Executive Chef Robert McCormick at The Hotel Hana-Maui

For his last two birthdays, Chef Robert McCormick has celebrated by roasting a whole pig. Not on a beach in Hawai‘i, but on a racetrack in the Poconos, not far from where he grew up. He’s probably roasted half a dozen whole animals in recent memory, and is thrilled to be learning first-hand the proper workings of an authentic Hawaiian lū`au – as executive chef of one of the islands’ finest resorts.

A graduate of the Culinary Institute of America, McCormick has led a charmed professional life starting with his first job out of school. An unexpected stroke of luck landed him at Seeger’s, the Atlanta restaurant of Guenter Seeger, where he became the protégé of the acclaimed master chef. From there he went to Michel Richard’s Citronelle in Washington, DC, which was like a graduate course in French cooking technique. Then it was on to a six-month apprenticeship in northern Italy, for a crash course in fine dining with a rustic twist. Not long after he returned to the States, working as the lead line cook at 2 West at The Ritz-Carlton, Battery Park, Guenter Seeger tracked him down and asked him to be chef de cuisine at his new restaurant, Seeger’s at The Willcox, in Aiken, South Carolina. Honored and delighted by the chance to ‘come home’ to the man who had given him his formative training, McCormick jumped at the chance.

His next move was to Palm Beach, to work as sous chef under another legendary chef: Daniel Boulud, at Café Boulud -- before heading west to a three-year tenure as chef de cuisine at the Daniel Boulud Brasserie in Las Vegas. For the past year, McCormick has been Corporate Sous Chef with The Dinex Group in New York.

It was there that he was approached by Philip Wood, whose Arden Grove Hospitality Group had the promising young chef since his days at The Willcox, and his determination to bring a gifted professional to handle the food and beverage program at the resort led him right to McCormick.

If McCormick thought Aiken was isolated, that was before he encountered the remoteness of Hāna, on the undeveloped eastern shore of the lush island of Maui in the middle of the Pacific – a gorgeous two-hour drive from the principal airport.  When asked what decided him on the job, it wasn’t the chance to live in a tropical paradise; it wasn’t the title of executive chef.

“Meeting the people who provide ingredients was the big selling point,” he says, “they are so in to what they do, on a level that I’ve never experienced before.”  That must be the indefinable ‘Hāna spirit’ that pervades the atmosphere, natural to the locals and affecting most visitors before long. A sense of one-ness with nature, and by extension, a reverence for all plant and animal life, is a deep-seated Hawaiian trait; the cultivation of food is marked by a spiritual purpose, and locally in Hāna, the youth of the community are still taught to fish, regardless of their career expectations.

The broad scope of food and beverage at the 69-room resort presents an exciting new challenge to McCormick, with Ka’uiki, the fine dining restaurant; the Hāna Ranch Restaurant, a more casual eatery across the road; and the elegant Paniolo bar; as well as wedding banquets; private dinners; those exuberant lū`au down on nearby Hamoa Beach; and of course, room service.
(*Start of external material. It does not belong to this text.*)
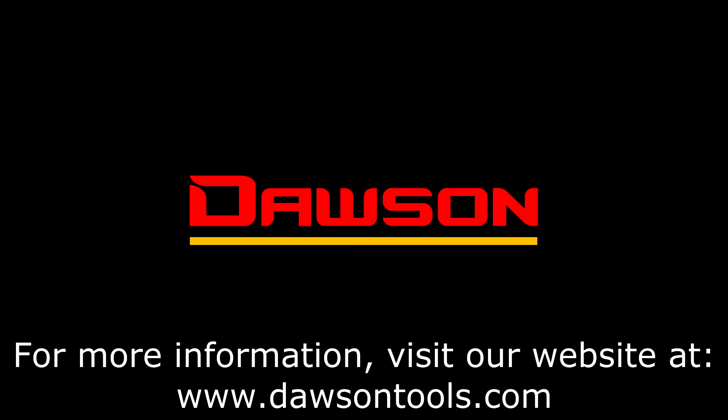Thank you for watching this instructional video on the DSM-150. For more information on this and any of our other products, please visit our website at www.DawsonTools.com.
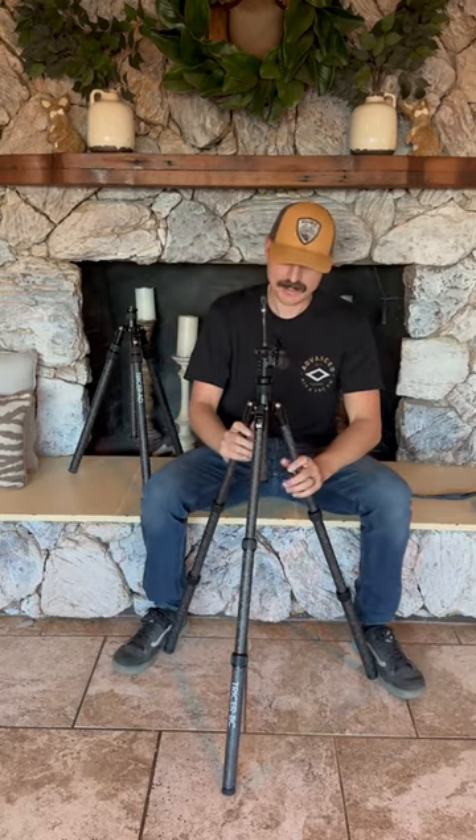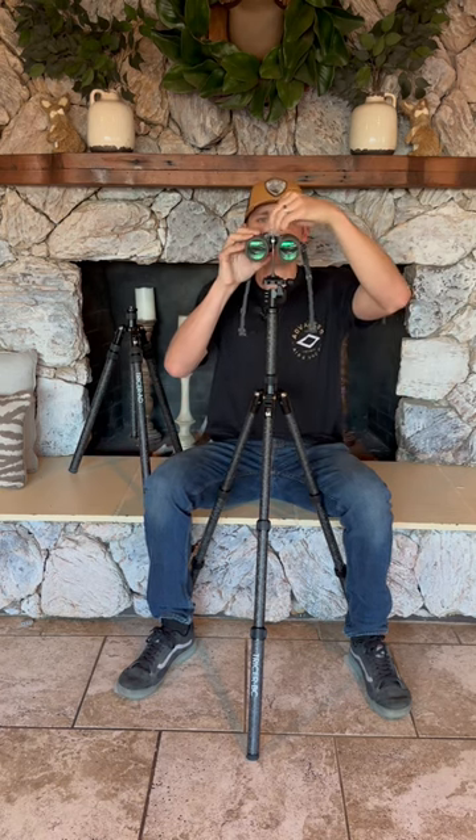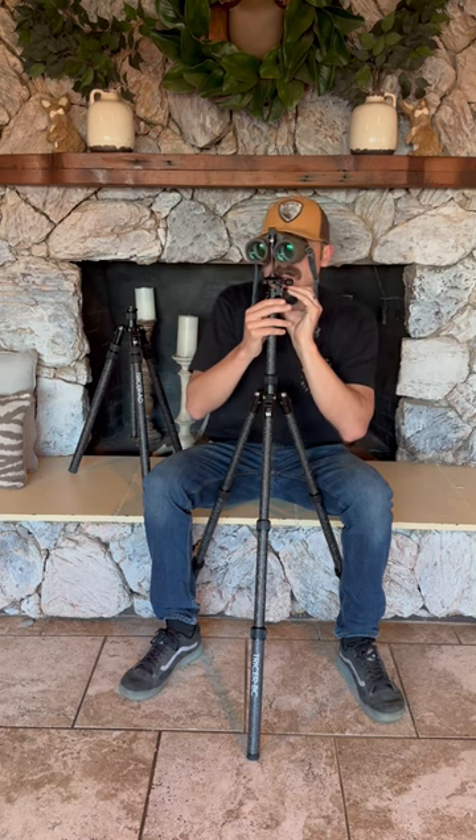This thing is rock solid and it'll fit any situation you need for sitting down to glass. If you're like me, I don't stand up to glass — I'm always sitting. It compacts down to 15 inches, it's 180 degrees inverted, weighs 28 ounces, fits down on the pack, and is barely buried in an Nalgene bottle. It is the ultimate backpacking glassing and shooting tripod.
And the ingredients for it all are nearly 100% locally sourced. “It’s something to be very proud of – and extremely rare,” says McCormick.

McCormick brings a strict classical training to the kitchen of Hotel Hāna-Maui, and gently brings that experience to bear as he expands the à la carte menu of Ka`uiki with a market-inspired European approach to the strictly local ingredients. He lets his largely local staff take the lead on the classic Hawaiian dishes that are maintained at the forefront of the menu, however.“The hotel has an authenticity that we underscore with the cuisine, and the Hawaiian dishes are key to that. That said we’re continually looking for ways to bring a level of refinement and sophistication to all we do. My hope is that a guest who is here for five days will spend the first several trying our interpretations of the local specialties, and then maybe venture into, say, a French treatment of a (very!) local fish, or an Italian treatment of local beef.”